**Assignment**. Give back exactly the lines that start at the one containing "فیلم عاملان هتک" and run to the end of the material, leaving out the pictures.

[Start of section]

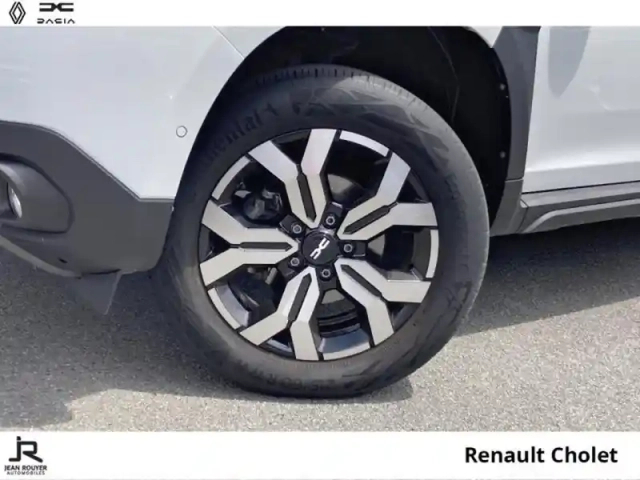 Dacia Duster 1.0 eco-g 100ch  journey + 4x2 — photo 8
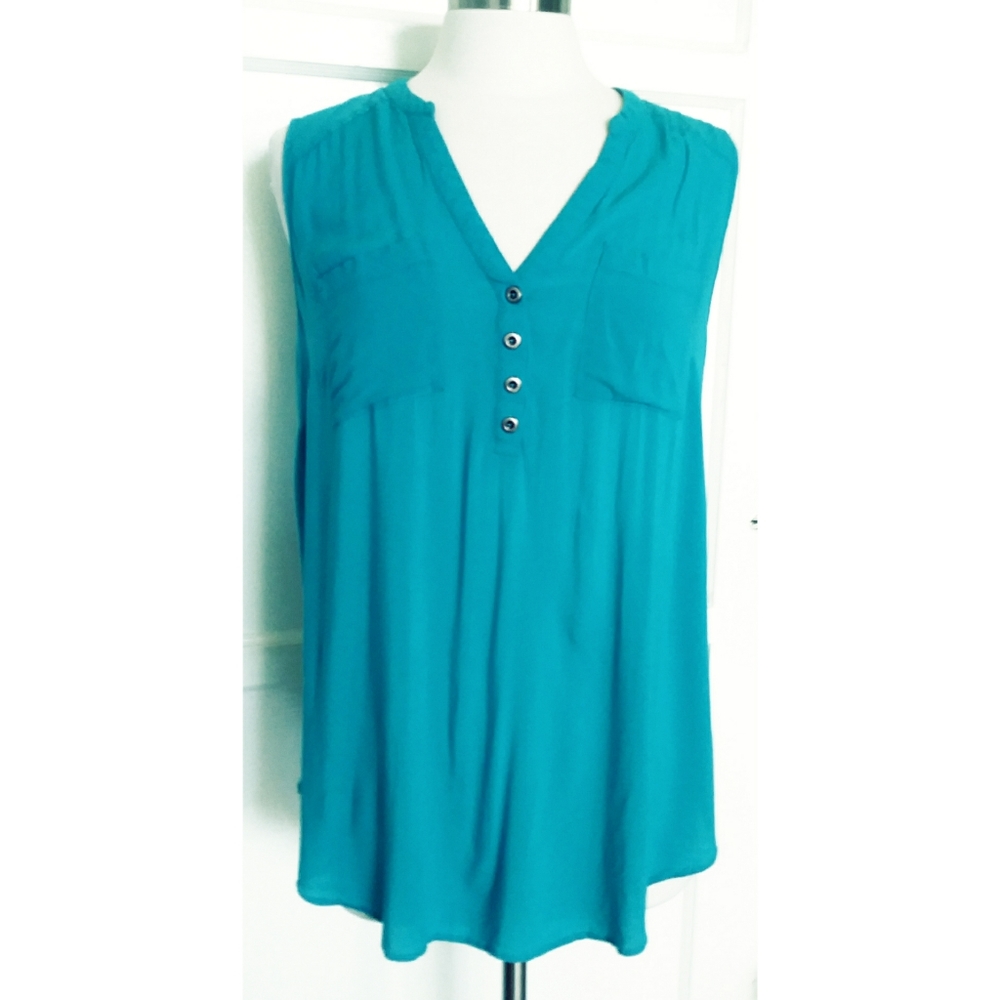 Torrid challis button tank top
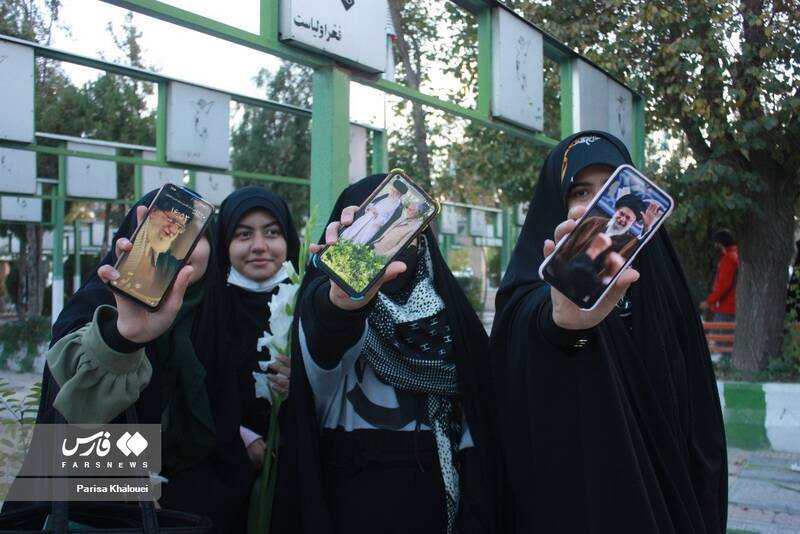 عاملان هتک حرمت به گلزار شهدای اراک دستگیر شدند + فیلم عاملان هتک حرمت به گلزار شهدای اراک دستگیر شدند + فیلم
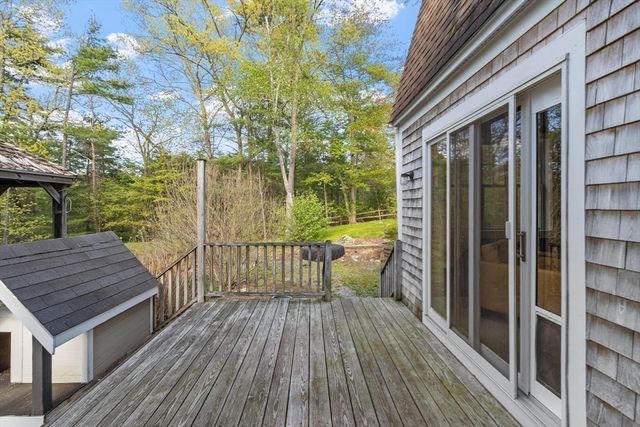 215 Wethersfield Street, Rowley, MA 01969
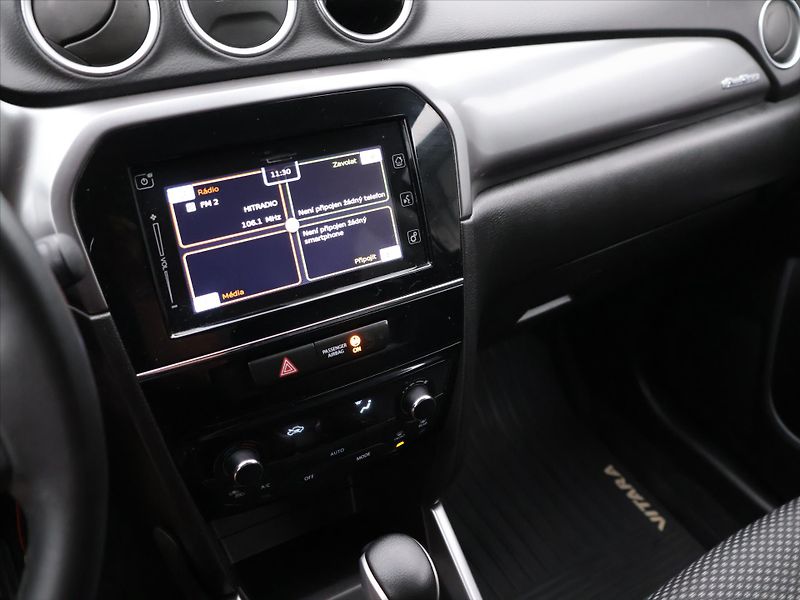 Suzuki Vitara 1.4 BoostJet Allgrip Premium - fotka 23 z 36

[End of section]

**Expected output**.
 عاملان هتک حرمت به گلزار شهدای اراک دستگیر شدند + فیلم عاملان هتک حرمت به گلزار شهدای اراک دستگیر شدند + فیلم
 215 Wethersfield Street, Rowley, MA 01969
 Suzuki Vitara 1.4 BoostJet Allgrip Premium - fotka 23 z 36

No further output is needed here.